## What is needed
Look through the entries below and extract exactly the lines from the one containing "Photo of property" through the one containing "Apartment Design Et", ends included.

## Supplied records
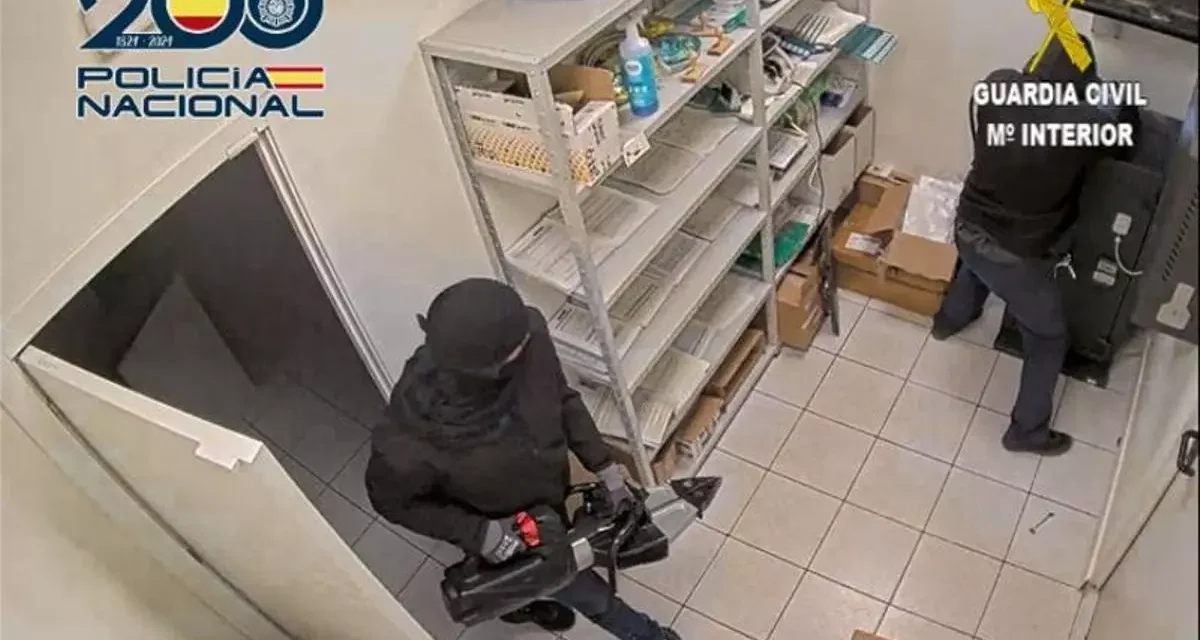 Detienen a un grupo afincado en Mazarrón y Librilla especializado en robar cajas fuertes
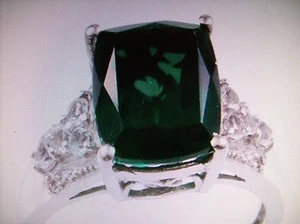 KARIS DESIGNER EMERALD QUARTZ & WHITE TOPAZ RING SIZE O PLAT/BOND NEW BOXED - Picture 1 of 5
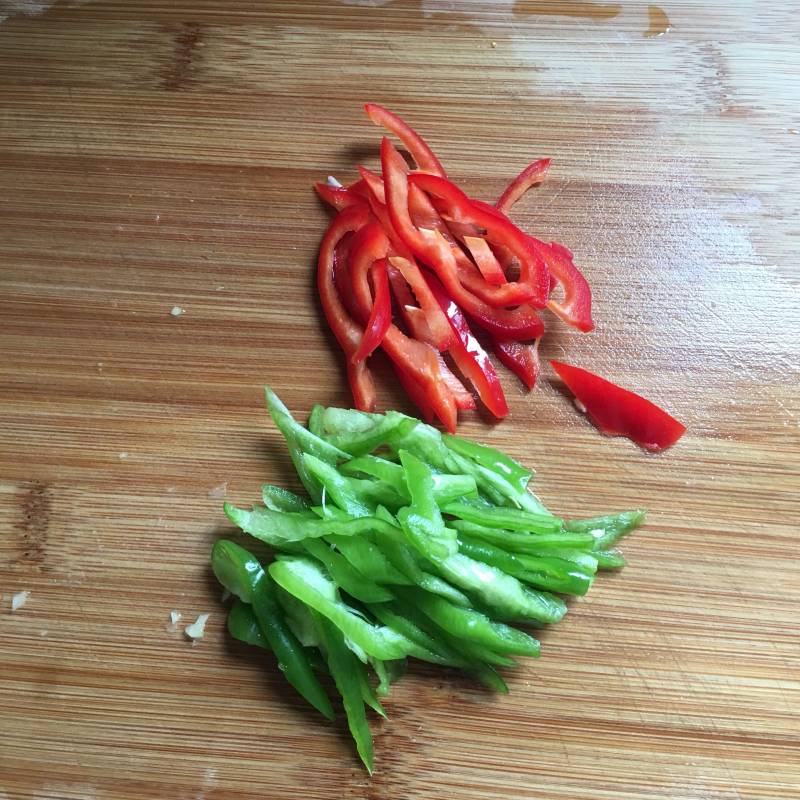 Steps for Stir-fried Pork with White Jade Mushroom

==

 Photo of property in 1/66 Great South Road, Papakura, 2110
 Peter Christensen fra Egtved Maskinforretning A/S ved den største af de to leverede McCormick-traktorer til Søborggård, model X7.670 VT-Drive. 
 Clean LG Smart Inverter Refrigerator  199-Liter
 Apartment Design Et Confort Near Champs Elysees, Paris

## Result for this exercise
 Photo of property in 1/66 Great South Road, Papakura, 2110
 Peter Christensen fra Egtved Maskinforretning A/S ved den største af de to leverede McCormick-traktorer til Søborggård, model X7.670 VT-Drive. 
 Clean LG Smart Inverter Refrigerator  199-Liter
 Apartment Design Et Confort Near Champs Elysees, Paris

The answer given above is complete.